What We Lost When Agile Faded Into the Background

Agile thought leaders used to say: “Eventually, Agile processes will become the norm, so we won’t even use the term anymore.” They were right, but they also missed something big.

Indeed, for many years, when companies wanted to improve product development, their go-to strategy was to adopt Agile.

Most picked a framework (usually Scrum) and rolled it out across teams. But they didn’t change how they actually managed work. While they saw a few short-term gains, there was rarely a real breakthrough.

Eventually, some realized Agile could offer more, if they embraced its deeper elements: enabling leadership, mindset shift, product model, systems thinking, flow, real teamwork.

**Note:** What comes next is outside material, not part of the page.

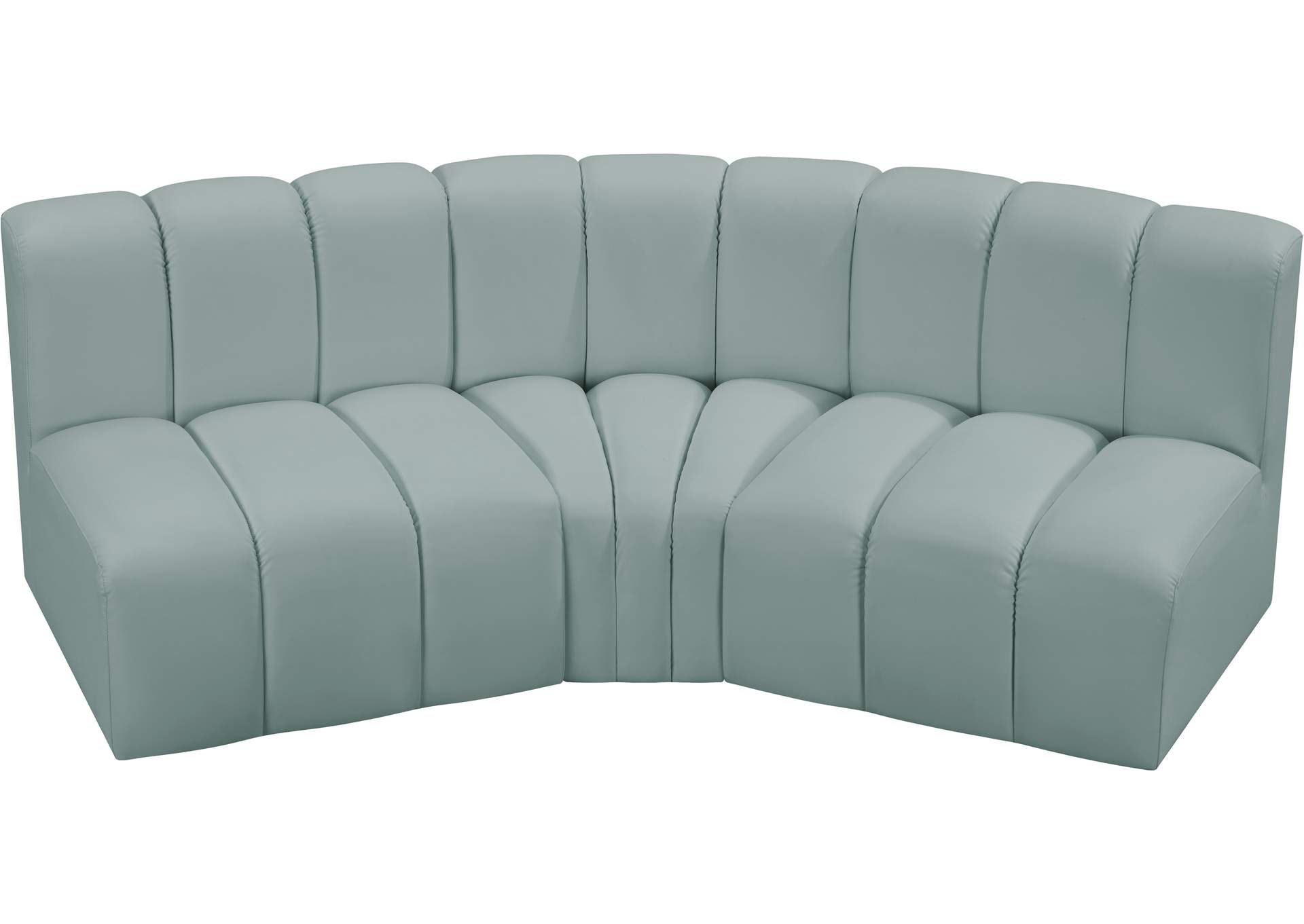 Arc Mint Green Vegan Leather Modular Sofa image 4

How did they realize that? because “Agile” is a thing — a coherent and holistic approach — not a bunch of practices. Leaders only needed to read a book or attend a conference to see that. Some went back, implemented the key parts, and saw performance improve.

But in the past few years, the dynamic has changed.

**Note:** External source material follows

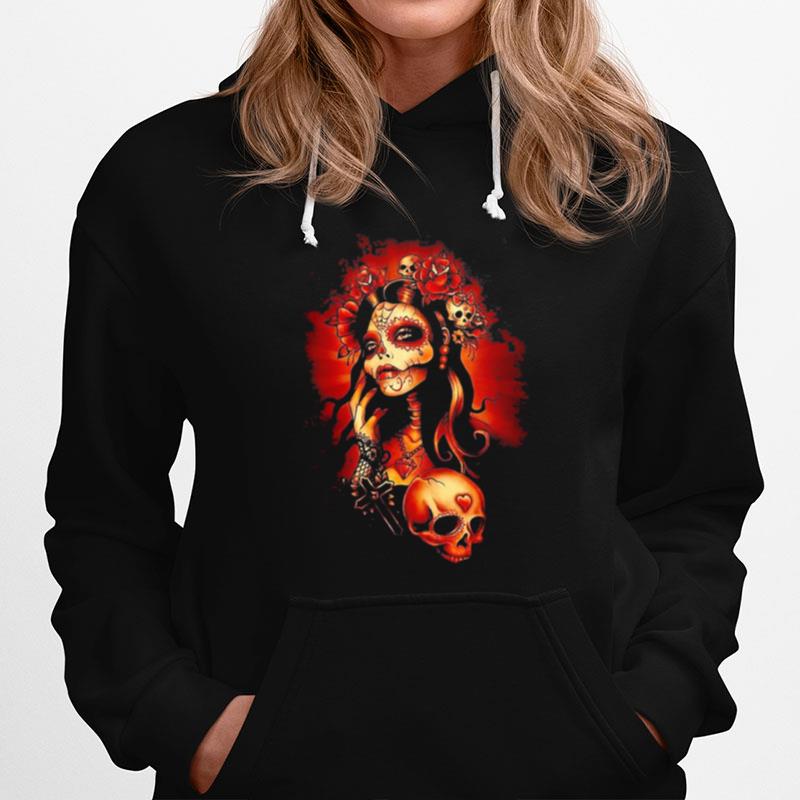 Day Of The Dead Sugar Skull Girl With Rose Tattoo Halloween Hoodie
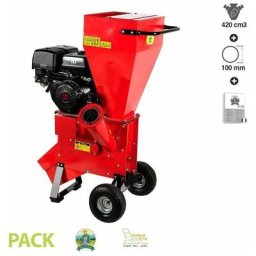 Broyeur de végétaux 420cc 15 cv coupe 100mm thermique démarrage électrique Fermier GF-2205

Many companies now use “Agile bits” — sprints, standups, story points, Jira, weekly deployments — but not as part of a strategic move. To them, those bits are simply part of modern software development.

Unfortunately, that doesn’t work well enough, for the same reasons it didn’t 5-20 years ago.

You might say this was expected: Agile was so popular, it became the norm. A commodity.

But here’s the thing: what got commoditized are the surface-level tactics, and they’re available piecemeal, not as part of a deliberate, comprehensive strategy.

Leaders no longer go looking for what’s missing, because they don’t realize that something is missing.

They’re not asking questions like:

  • “How well does our management model support product success?”
  • “What is our way of working really optimizing for?”
  • “Are we maximizing customer value?”
  • “Does our process address our product development pain points?”
  • “Do our teams collaborate in a meaningful way?”

Now, a new “named thing” is gaining traction: the Product Operating Model. It includes much of what strategic agility always called for, and hopefully, it will help leaders see the broader system again.

Whether you call it Agile, Product Operating Model, or something else, the lesson is the same: don’t just cobble together practices. Be strategic. Look at the whole system. Keep learning and reflecting, maybe you’ve missed something.